Qual è la relazione tra consumo di alcol e rischio di fibrillazione atriale? Nel corso degli ultimi anni diversi studi e revisioni hanno portato nuove evidenze sul tema, sia per quanto riguarda gli effetti acuti che quelli a lungo termine. Gli ultimi dati sono stati presentati qualche giorno fa nel corso dell’edizione 2021 del congresso dell’American Heart Association.

È noto che un consumo eccessivo di alcol si associa a un rischio più elevato di sviluppare condizioni quali cardiomiopatie, ipertensione, ipertrofia del ventricolo sinistro e apnee ostruttive del sonno (1). Allo stesso tempo, tuttavia, è stato suggerito che un moderato consumo di alcol può avere un effetto positivo sul rischio di coronaropatie, con una conseguente riduzione della mortalità cardiovascolare e per tutte le cause (2,3).

E per quanto riguarda la fibrillazione atriale? Lo studio dell’alcol come fattore di rischio costituisce un elemento importante nell’ambito di questa aritmia, con potenziali implicazioni in termini di prevenzione dell’ictus ischemico embolico e riduzione della mortalità cardiovascolare.

Quale consumo? Gli effetti a breve e a lungo termine dell’alcol

Una prima distinzione va fatta tra le conseguenze, in termini di rischio di fibrillazione atriale, che si verificano immediatamente dopo aver assunto alcolici e quelle associate a un consumo costante nel tempo. Era il 1978 quando Philip Ettinger e colleghi coniarono il termine “Sindrome del cuore in vacanza” per descrivere una serie di 24 pazienti ricoverati per un episodio di fibrillazione atriale in seguito a un avvelenamento acuto da alcol (4). Un consumo elevato di alcolici può infatti fungere da innesco per questa aritmia, con effetti diversi a seconda delle quantità e del timing. Ad esempio, anche se nella maggior parte dei casi l’episodio di fibrillazione atriale si verifica nelle prime ore dopo l’intossicazione da alcol è stato dimostrato che in alcuni casi questo può manifestarsi fino a 36 ore dopo (5, 6). Uno studio presentato nel corso dell’edizione 2021 delle scientific sessions dell’American Heart Association ha recentemente messo in evidenza come il consumo di alcol si associ a un rischio più elevato di episodi di fibrillazione atriale a breve termine e di primi episodi.
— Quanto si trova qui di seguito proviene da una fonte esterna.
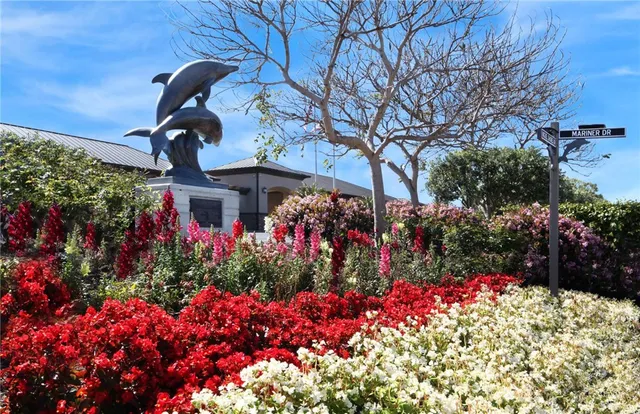 a view of a street with flower plants in front of it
Nel corso dell’ultima edizione del Congresso dell’American College of Cardiology sono stati presentati i risultati dell’HOLIDAY Monitors Study sulla relazione tra consumo di alcol e probabilità di andare incontro a un episodio discreto di fibrillazione atriale. Peculiarità di questo studio era il monitoraggio continuo dell’attività elettrica del cuore (mediante monitor ECG) e del consumo di alcol (mediante sensore transdermico). È emerso che ogni aumento dello 0,1% del picco di concentrazione di alcol nel sangue si associa, nelle 12 ore successive al consumo, a un aumento del 38% del rischio di andare incontro a un evento di fibrillazione atriale. Inoltre, il potenziale aumento del rischio è stato riscontrato nel corso di tutte le 12 ore, con un picco dopo 3-4 ore.
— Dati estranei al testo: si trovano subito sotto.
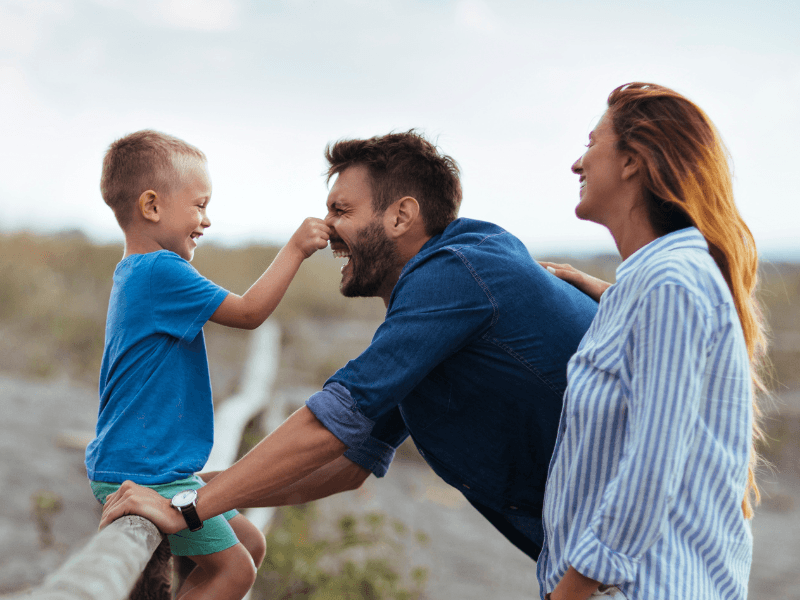 Laughing family with father, mother, and child having fun together in nature.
Ma le evidenze relative alla relazione tra consumo di alcol e rischio di fibrillazione atriale non riguardano solo gli effetti a breve termine. Tre ampie metanalisi hanno infatti messo in evidenza un’associazione significativa tra consumo abituale di alcol e rischio di sviluppare l’aritmia (7,8,9). Larsson e colleghi, ad esempio, hanno riportato i dati a 12 anni di sette studi prospettici condotti su un totale di 859.420 pazienti e 12.554 casi fibrillazione atriale. I  risultati hanno messo in evidenza una relazione dose-risposta tra consumo di alcol e rischio di fibrillazione atriale, significativa anche dopo aver escluso bevitori incalliti e altri fattori di rischio cardiovascolare. Nello specifico il rischio relativo è risultato pari a 1,08 nei soggetti che bevevano in media 7 drink a settimana, a 1,17 con 14 drink a settimana, a 1,26 con 21 drink a settimana, a 1,36 con 28 drink a settimana e a 1,47 con 35 drink a settimana (7).
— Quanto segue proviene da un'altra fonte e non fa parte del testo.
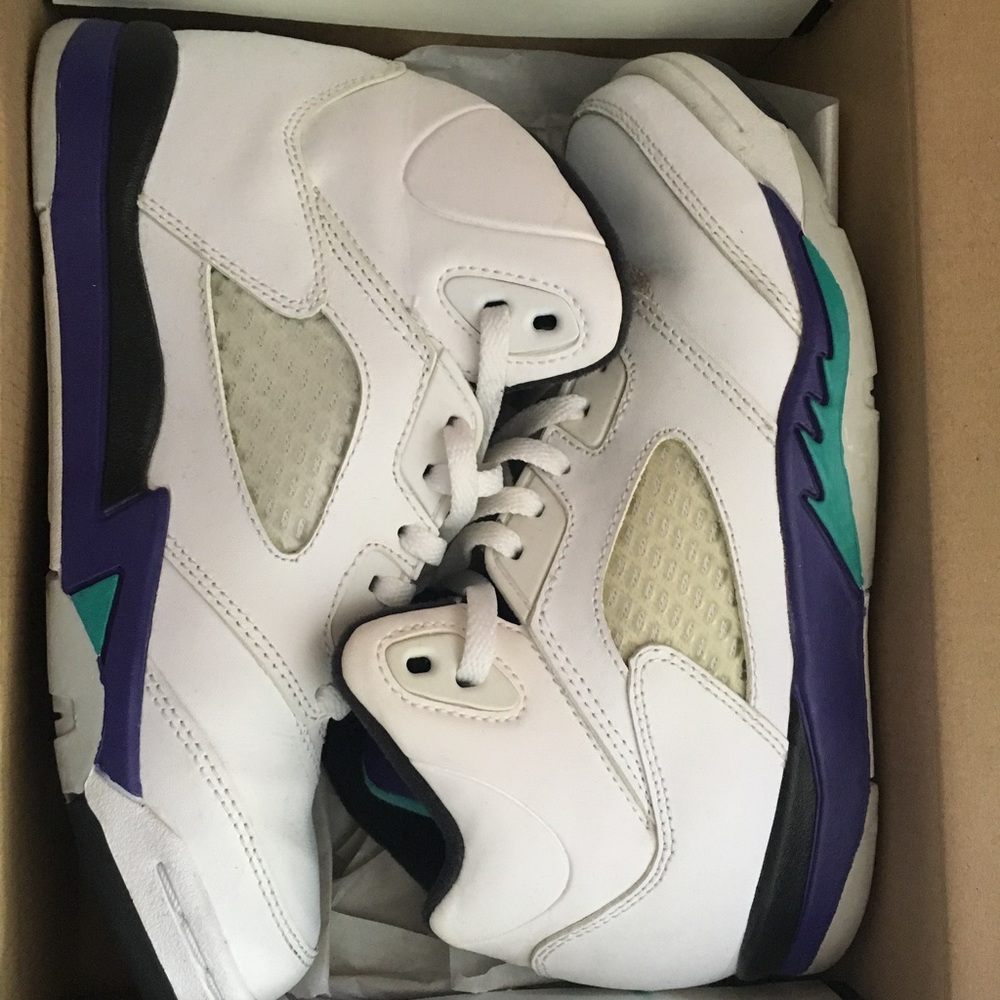 pair of white-purple-teal Air Jordan 5's in box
I meccanismi patofisiologici dietro la relazione tra alcol e fibrillazione atriale

Già tra la fine degli anni settanta e gli inizi degli anni ottanta diverse evidenze avevano suggerito che un consumo elevato di alcol poteva indurre un rimodellamento elettrico a livello atriale, con un accorciamento del periodo refrattario effettivo e un rallentamento della conduzione intra-atriale (10). Uno studio condotto su 14 bevitori abituali (consumo da moderato a pesante) con un disturbo del ritmo cardiaco aveva messo in evidenza come l’ingestione di 6 bicchieri di whiskey determinasse un prolungamento dell’intervallo H-V e un accorciamento del tempo di recupero del nodo sinusale, con una tachicardia atriale ventricolare inducibile nel 71% dei casi (11). Più recentemente, poi, è stato dimostrato che tra i pazienti con fibrillazione atriale il periodo refrattario effettivo è più breve nei bevitori rispetto ai non bevitori (12). Un effetto, questo, che in aggiunta alla ridotta conduzione intra-atriale (13) può determinare un accorciamento della lunghezza d’onda e favorire fenomeni di rientro.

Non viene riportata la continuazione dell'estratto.